— YOUR TASK —
Line by line, set down the records below from the first line through the line containing "A wooden cabinet". Omit the pictures.

Caption-style text data:
^^^^

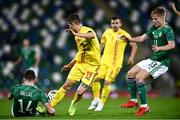 18 November 2020; Florin Tanase of Romania in action against Alistair McCann of Northern Ireland, right, and Stuart Dallas during the UEFA Nations League B match between Northern Ireland and Romania in the National Football Stadium at Windsor Park in Belfast. Photo by David Fitzgerald/Sportsfile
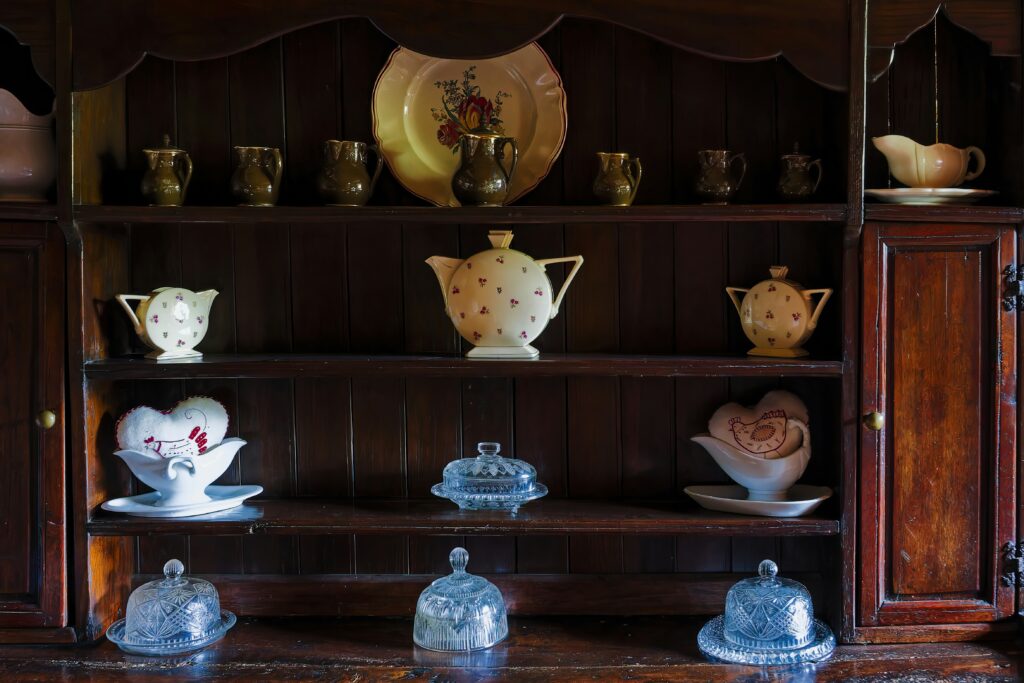 A wooden cabinet filled with an assortment of elegant glassware, showcasing various shapes and colors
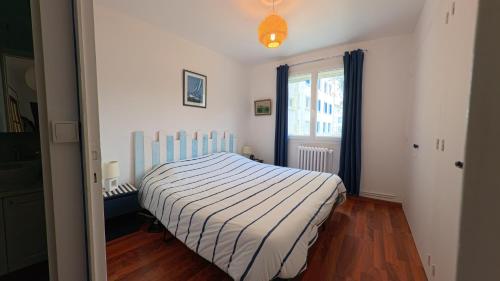 une chambre avec un lit avec une couverture rayée dans l'établissement Appartement vue mer, 4 pers - idéal famille, à La Baule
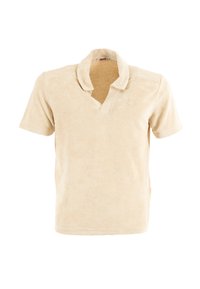 Polo shirt beige realizzato in morbido tessuto in spugna. Presenta un colletto corto, maniche corte e un piccolo logo sul petto. Finitura liscia e testurizzata.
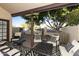 Covered patio with seating area and view of lush trees at 5505 E Mclellan Rd # 99, Mesa, AZ 85205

^^^^

— SOLVED PROBLEM —
 18 November 2020; Florin Tanase of Romania in action against Alistair McCann of Northern Ireland, right, and Stuart Dallas during the UEFA Nations League B match between Northern Ireland and Romania in the National Football Stadium at Windsor Park in Belfast. Photo by David Fitzgerald/Sportsfile
 A wooden cabinet filled with an assortment of elegant glassware, showcasing various shapes and colors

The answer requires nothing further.